• [Task inputs]
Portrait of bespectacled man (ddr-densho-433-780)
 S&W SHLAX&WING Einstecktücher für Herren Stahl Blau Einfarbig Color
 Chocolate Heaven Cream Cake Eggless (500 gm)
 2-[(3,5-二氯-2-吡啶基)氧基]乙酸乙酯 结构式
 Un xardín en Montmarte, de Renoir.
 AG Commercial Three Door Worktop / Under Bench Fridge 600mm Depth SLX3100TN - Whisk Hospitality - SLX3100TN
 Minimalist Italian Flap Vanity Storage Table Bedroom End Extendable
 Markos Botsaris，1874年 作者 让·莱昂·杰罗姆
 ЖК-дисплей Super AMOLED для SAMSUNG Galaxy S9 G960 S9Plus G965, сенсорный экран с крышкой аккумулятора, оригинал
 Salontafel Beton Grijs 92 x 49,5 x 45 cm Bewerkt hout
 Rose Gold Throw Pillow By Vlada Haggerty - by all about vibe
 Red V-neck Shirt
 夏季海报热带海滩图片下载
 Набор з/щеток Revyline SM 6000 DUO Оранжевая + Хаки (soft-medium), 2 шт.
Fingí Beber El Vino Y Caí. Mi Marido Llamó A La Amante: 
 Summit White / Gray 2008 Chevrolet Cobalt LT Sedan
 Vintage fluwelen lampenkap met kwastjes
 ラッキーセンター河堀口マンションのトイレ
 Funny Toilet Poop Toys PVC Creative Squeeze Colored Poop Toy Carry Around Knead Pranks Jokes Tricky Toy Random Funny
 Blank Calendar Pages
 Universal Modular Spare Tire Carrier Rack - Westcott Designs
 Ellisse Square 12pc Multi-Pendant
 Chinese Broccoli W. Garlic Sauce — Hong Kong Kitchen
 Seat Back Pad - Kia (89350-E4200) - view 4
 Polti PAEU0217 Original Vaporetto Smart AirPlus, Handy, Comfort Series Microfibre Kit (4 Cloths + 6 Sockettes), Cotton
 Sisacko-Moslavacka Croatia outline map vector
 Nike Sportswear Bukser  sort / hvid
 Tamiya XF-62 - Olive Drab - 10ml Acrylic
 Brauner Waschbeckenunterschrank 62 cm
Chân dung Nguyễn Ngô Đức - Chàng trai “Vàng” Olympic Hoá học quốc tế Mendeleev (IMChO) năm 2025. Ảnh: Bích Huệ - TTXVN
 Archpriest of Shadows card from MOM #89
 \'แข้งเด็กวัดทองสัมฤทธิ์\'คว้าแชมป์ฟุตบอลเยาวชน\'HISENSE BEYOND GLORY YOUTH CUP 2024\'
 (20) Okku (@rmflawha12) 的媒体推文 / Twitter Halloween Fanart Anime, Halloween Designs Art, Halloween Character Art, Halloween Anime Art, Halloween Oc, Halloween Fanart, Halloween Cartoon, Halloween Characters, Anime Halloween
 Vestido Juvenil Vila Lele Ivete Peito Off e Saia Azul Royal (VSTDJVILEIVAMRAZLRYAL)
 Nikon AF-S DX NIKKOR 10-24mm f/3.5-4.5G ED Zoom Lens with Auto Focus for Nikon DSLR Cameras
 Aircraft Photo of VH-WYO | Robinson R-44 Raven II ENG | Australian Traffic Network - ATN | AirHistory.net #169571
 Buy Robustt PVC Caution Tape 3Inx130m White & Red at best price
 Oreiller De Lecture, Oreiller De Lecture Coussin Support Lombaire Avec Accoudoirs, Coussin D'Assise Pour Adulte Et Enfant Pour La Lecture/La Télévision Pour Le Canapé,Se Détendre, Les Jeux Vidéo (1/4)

• [Prompt] Copy the full listing word for word.

• [Solution for this task]
Portrait of bespectacled man (ddr-densho-433-780)
 S&W SHLAX&WING Einstecktücher für Herren Stahl Blau Einfarbig Color
 Chocolate Heaven Cream Cake Eggless (500 gm)
 2-[(3,5-二氯-2-吡啶基)氧基]乙酸乙酯 结构式
 Un xardín en Montmarte, de Renoir.
 AG Commercial Three Door Worktop / Under Bench Fridge 600mm Depth SLX3100TN - Whisk Hospitality - SLX3100TN
 Minimalist Italian Flap Vanity Storage Table Bedroom End Extendable
 Markos Botsaris，1874年 作者 让·莱昂·杰罗姆
 ЖК-дисплей Super AMOLED для SAMSUNG Galaxy S9 G960 S9Plus G965, сенсорный экран с крышкой аккумулятора, оригинал
 Salontafel Beton Grijs 92 x 49,5 x 45 cm Bewerkt hout
 Rose Gold Throw Pillow By Vlada Haggerty - by all about vibe
 Red V-neck Shirt
 夏季海报热带海滩图片下载
 Набор з/щеток Revyline SM 6000 DUO Оранжевая + Хаки (soft-medium), 2 шт.
Fingí Beber El Vino Y Caí. Mi Marido Llamó A La Amante: 
 Summit White / Gray 2008 Chevrolet Cobalt LT Sedan
 Vintage fluwelen lampenkap met kwastjes
 ラッキーセンター河堀口マンションのトイレ
 Funny Toilet Poop Toys PVC Creative Squeeze Colored Poop Toy Carry Around Knead Pranks Jokes Tricky Toy Random Funny
 Blank Calendar Pages
 Universal Modular Spare Tire Carrier Rack - Westcott Designs
 Ellisse Square 12pc Multi-Pendant
 Chinese Broccoli W. Garlic Sauce — Hong Kong Kitchen
 Seat Back Pad - Kia (89350-E4200) - view 4
 Polti PAEU0217 Original Vaporetto Smart AirPlus, Handy, Comfort Series Microfibre Kit (4 Cloths + 6 Sockettes), Cotton
 Sisacko-Moslavacka Croatia outline map vector
 Nike Sportswear Bukser  sort / hvid
 Tamiya XF-62 - Olive Drab - 10ml Acrylic
 Brauner Waschbeckenunterschrank 62 cm
Chân dung Nguyễn Ngô Đức - Chàng trai “Vàng” Olympic Hoá học quốc tế Mendeleev (IMChO) năm 2025. Ảnh: Bích Huệ - TTXVN
 Archpriest of Shadows card from MOM #89
 \'แข้งเด็กวัดทองสัมฤทธิ์\'คว้าแชมป์ฟุตบอลเยาวชน\'HISENSE BEYOND GLORY YOUTH CUP 2024\'
 (20) Okku (@rmflawha12) 的媒体推文 / Twitter Halloween Fanart Anime, Halloween Designs Art, Halloween Character Art, Halloween Anime Art, Halloween Oc, Halloween Fanart, Halloween Cartoon, Halloween Characters, Anime Halloween
 Vestido Juvenil Vila Lele Ivete Peito Off e Saia Azul Royal (VSTDJVILEIVAMRAZLRYAL)
 Nikon AF-S DX NIKKOR 10-24mm f/3.5-4.5G ED Zoom Lens with Auto Focus for Nikon DSLR Cameras
 Aircraft Photo of VH-WYO | Robinson R-44 Raven II ENG | Australian Traffic Network - ATN | AirHistory.net #169571
 Buy Robustt PVC Caution Tape 3Inx130m White & Red at best price
 Oreiller De Lecture, Oreiller De Lecture Coussin Support Lombaire Avec Accoudoirs, Coussin D'Assise Pour Adulte Et Enfant Pour La Lecture/La Télévision Pour Le Canapé,Se Détendre, Les Jeux Vidéo (1/4)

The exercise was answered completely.